Study material →

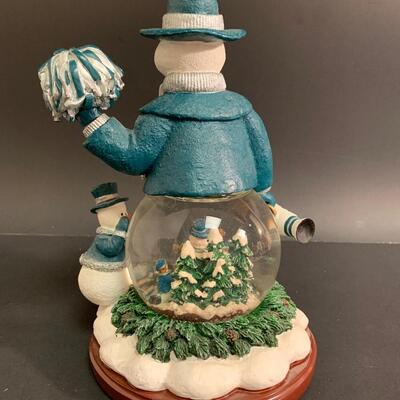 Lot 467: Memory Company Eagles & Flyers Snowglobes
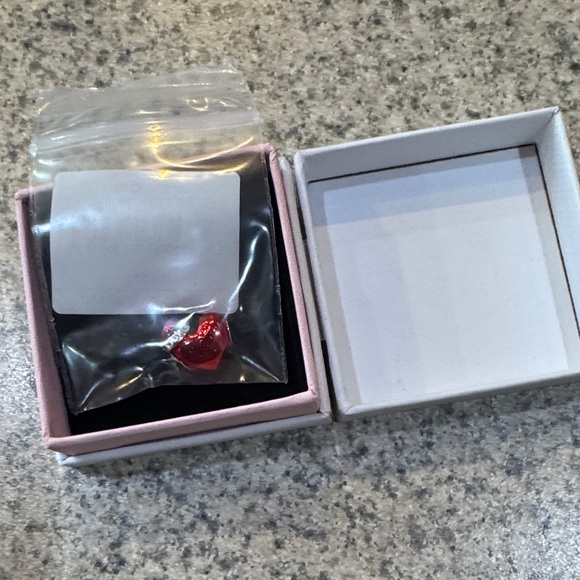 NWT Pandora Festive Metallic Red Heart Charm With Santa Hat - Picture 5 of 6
* * *
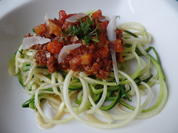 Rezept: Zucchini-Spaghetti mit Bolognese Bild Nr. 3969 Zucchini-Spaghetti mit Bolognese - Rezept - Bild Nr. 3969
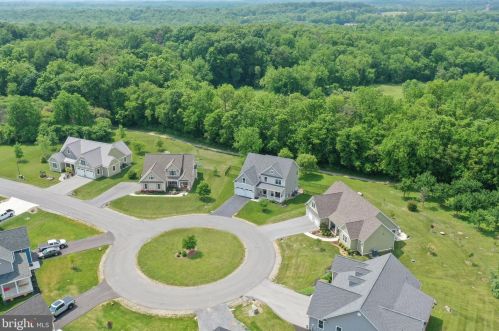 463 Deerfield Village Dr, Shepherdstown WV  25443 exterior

Prompt → The lines to copy exactly start with the line above that has "Rezept: Zucchini-Spaghetti mit" and go on through the line that has "463 Deerfield Village"; please include both, add nothing else, and omit the pictures.

Response to this exercise →
 Rezept: Zucchini-Spaghetti mit Bolognese Bild Nr. 3969 Zucchini-Spaghetti mit Bolognese - Rezept - Bild Nr. 3969
 463 Deerfield Village Dr, Shepherdstown WV  25443 exterior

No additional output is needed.